- _What to work on_
Your copy should contain exactly the lines from the one that holds "Strauchrose ‘Eden Rose" through the end of the material, reproduced as written, with no pictures.
───── Dataset records ─────
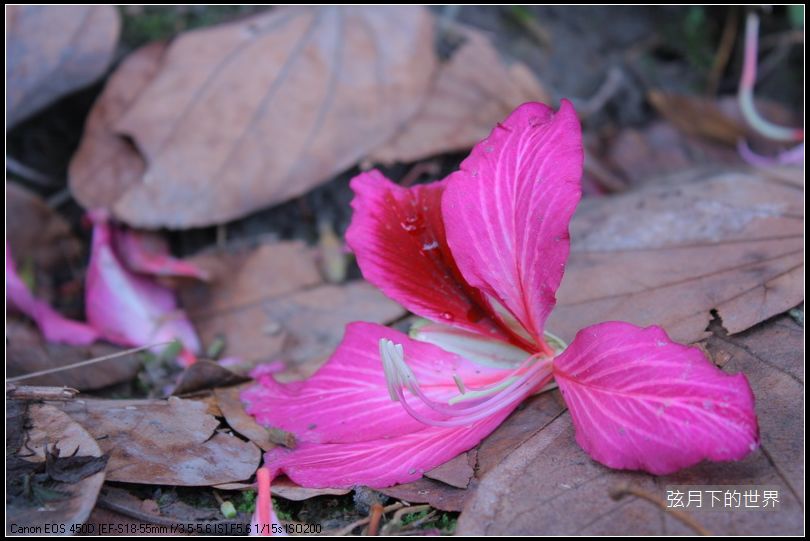 花草隨拍_4.JPG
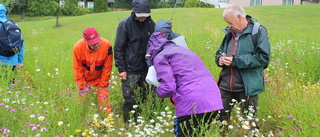 Blomsterängarnas blomster ökar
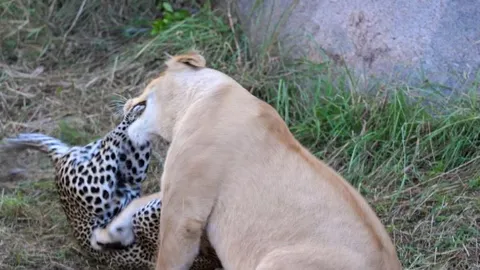 CLIP: Báo hoa mai quyết chiến ác liệt với sư tử để bảo vệ đàn con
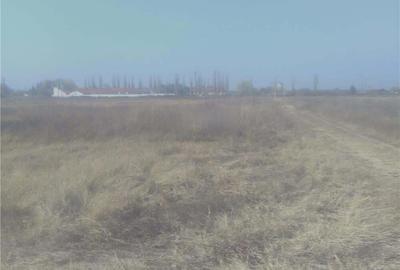 Teren de 8900 mp, în Șimian - 1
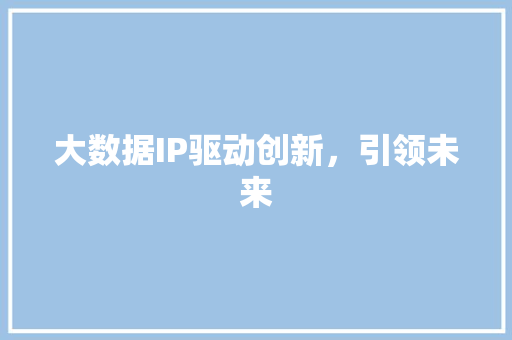 大数据IP驱动创新，引领未来 编程语言
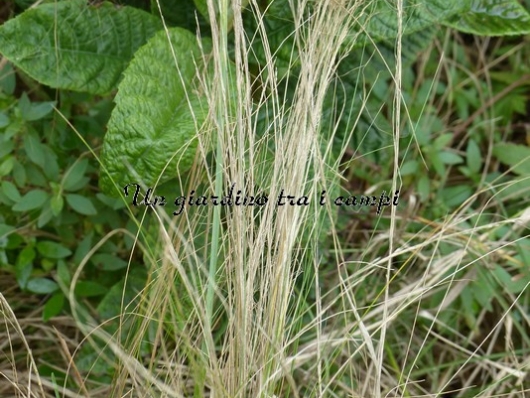 Nassella (stipa) tenuissima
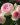 Strauchrose ‘Eden Rose 85’ ® – Rosa ‘Eden Rose 85’ ®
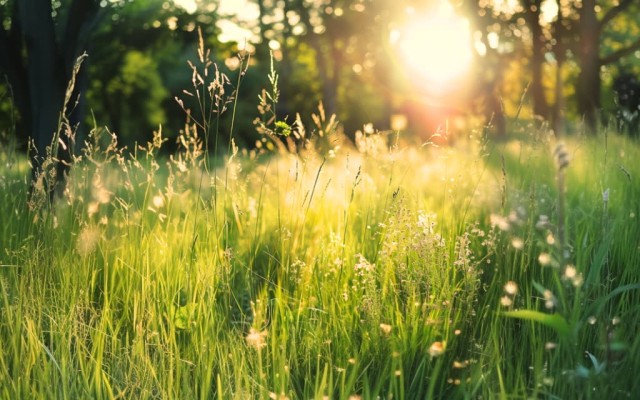 Gerade nach Aufenthalten im Freien empfehlen wir eine gründliche Untersuchung.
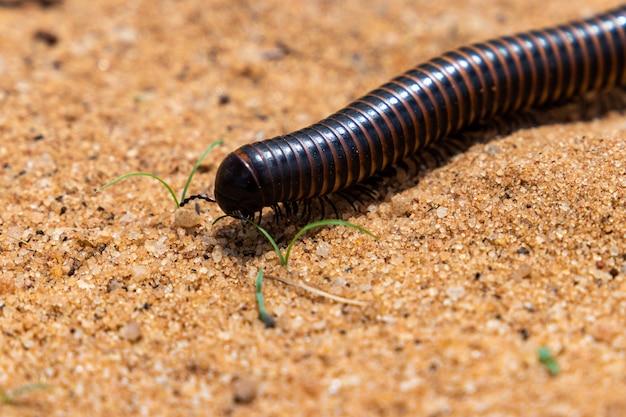 Does raid kill millipedes? 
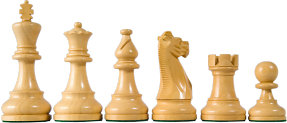 Castling: King (Chess), Rook (Chess), Promotion (Chess), Descriptive Chess  Notation, Rules of Chess, Glossary of Chess, Chess Notation, Portable Game  Notation : Miller, Frederic P, Vandome, Agnes F, McBrewster, John:  : Libros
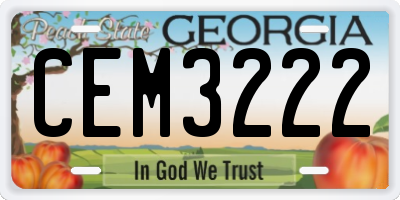 GA license plate CEM3222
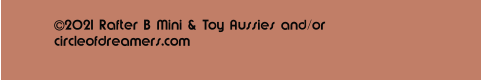 2021 Rafter B Mini & Toy Aussies and/or circleofdreamers.com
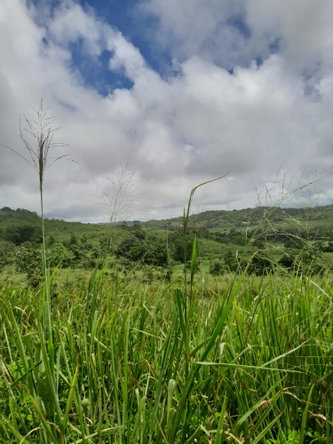 Ninth image of Friendship Scheme in Walkerswood, St. Ann, Jamaica - property is For Sale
─────
- _Exercise response_
 Strauchrose ‘Eden Rose 85’ ® – Rosa ‘Eden Rose 85’ ®
 Gerade nach Aufenthalten im Freien empfehlen wir eine gründliche Untersuchung.
 Does raid kill millipedes? 
 Castling: King (Chess), Rook (Chess), Promotion (Chess), Descriptive Chess  Notation, Rules of Chess, Glossary of Chess, Chess Notation, Portable Game  Notation : Miller, Frederic P, Vandome, Agnes F, McBrewster, John:  : Libros
 GA license plate CEM3222
 2021 Rafter B Mini & Toy Aussies and/or circleofdreamers.com
 Ninth image of Friendship Scheme in Walkerswood, St. Ann, Jamaica - property is For Sale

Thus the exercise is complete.